Stages of the data life cycle Flashcards
What are the stages in the data life cycle?
- Plan
- Capture
- Manage
- Analyse
- Archive
- Destroy
Define the Planning stage of the data life cycle
Deciding what kind of data is needed, how it will be managed throughout it’s life cycle, who will be responsible for it, and the optimal outcomes.
Define the Capture phase of the data life cycle
Where data is collected from a variety of different sources and brought into an organisation. The data could be publicly available or from the company’s own database
Define the Manage stage of the data life cycle
How we care for our data, how and where it’s stored, the tools used to keep it safe and secure, and the actions taken to make sure that it’s properly maintained.
Define the Analyse stage of the data life cycle
Data is used to solve problems, make great decisions, and support business goals.
Define the Archive stage of the data life cycle
Keep relevant data stored for long-term and future reference.
Define the Destroy stage of the data life cycle
Safely and securely disposing of data using secure data erasure software and shredding of physical documents to protect the private information of the company and it’s customers.
What is a database?
A collection of data stored in a computer system.
What is a stakeholder?
People who have invested time and resources into a project and are interested in the outcome.
How do you determine stakeholder expectations?
By working out who the stakeholders are, what they want, when they want it, why they want it, and how best to communicate with them.
What does it mean to define a problem?
Looking at the current state and identifying how it’s different from the ideal state.
What is a spreadsheet formula?
A set of instructions that performs a specific calculation using the data in a spreadsheet.
What is a spreadsheet function?
A preset command that automatically performs a specific process or task using the data in a spreadsheet.
What is the difference between a formula and a function?
A formula is a set of instructions, whereas a function is a preset command. Formulas perform a specific calculation. Functions are preset commands that automatically perform a process or task, making it more efficient.
What is an attribute in reference to a spreadsheet?
A characteristic or quality of data used to label a column in a table.
What is an observation in relation to a spreadsheet?
All of the attributes for something contained in a row of a data table.
What is a query?
A request for data or information from a database.
What basic syntax forms every SQL query?
Select: to choose the columns you want to return.

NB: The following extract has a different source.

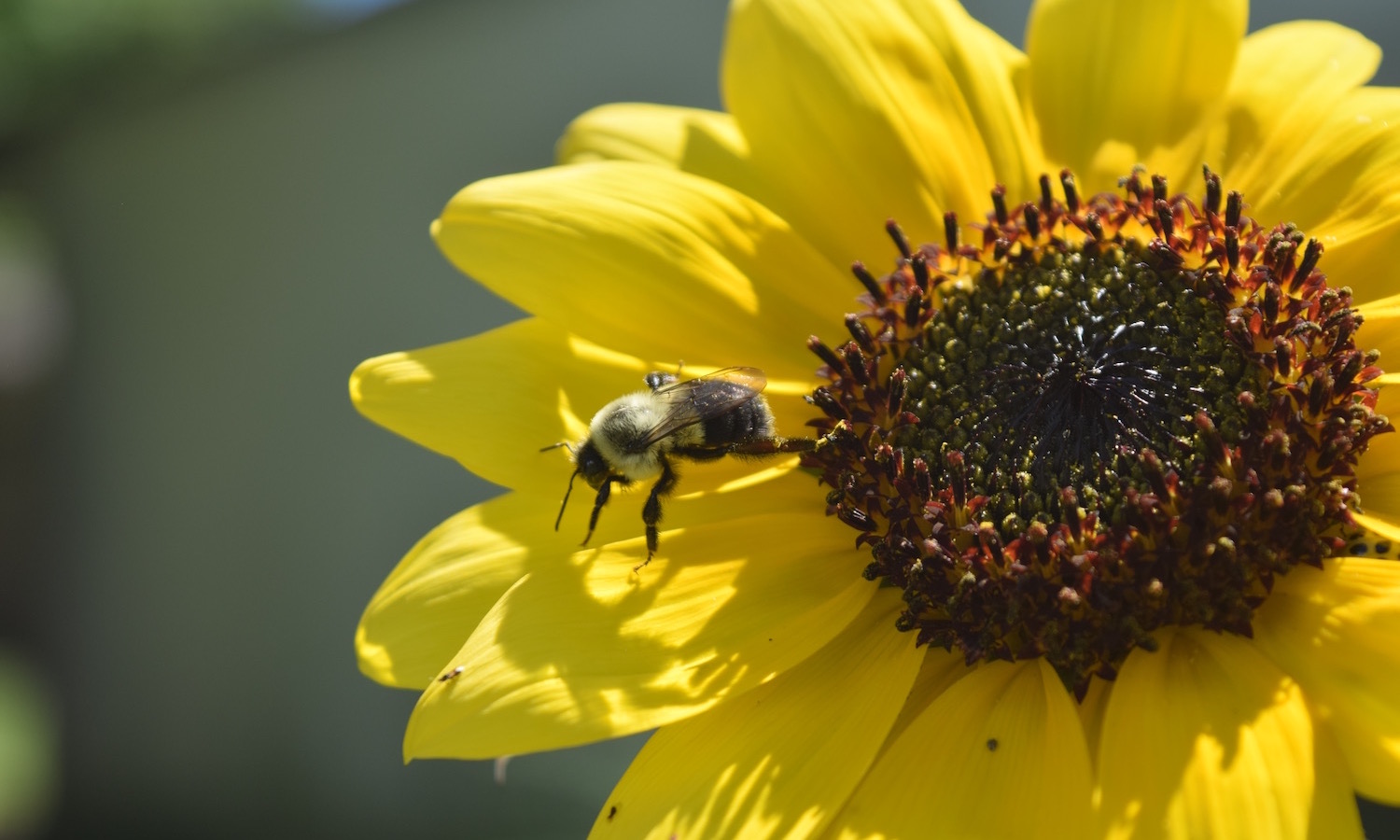 15 Organizations and Initiatives Helping to Save the Bees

From: to choose the tables where those columns are located.
Where: to filter for certain information.
What is used to separate fields/ variables in a SELECT command?
a comma
What is used to connect conditions in a WHERE command?
the word ‘AND’
What is fairness in data analytics?
Ensuring that your analysis doesn’t create or reinforce bias.
What is self-reporting?
A data collection technique where participants provide information about themselves.
What is oversampling?
The process of increasing the sample size of non-dominant groups in a population.
List five best practices to support fair analysis.
- Consider all of the available data.
- Identify surrounding factors.
- Include self-reported data.
- Use oversampling effectively.
- Think about fairness from beginning to end.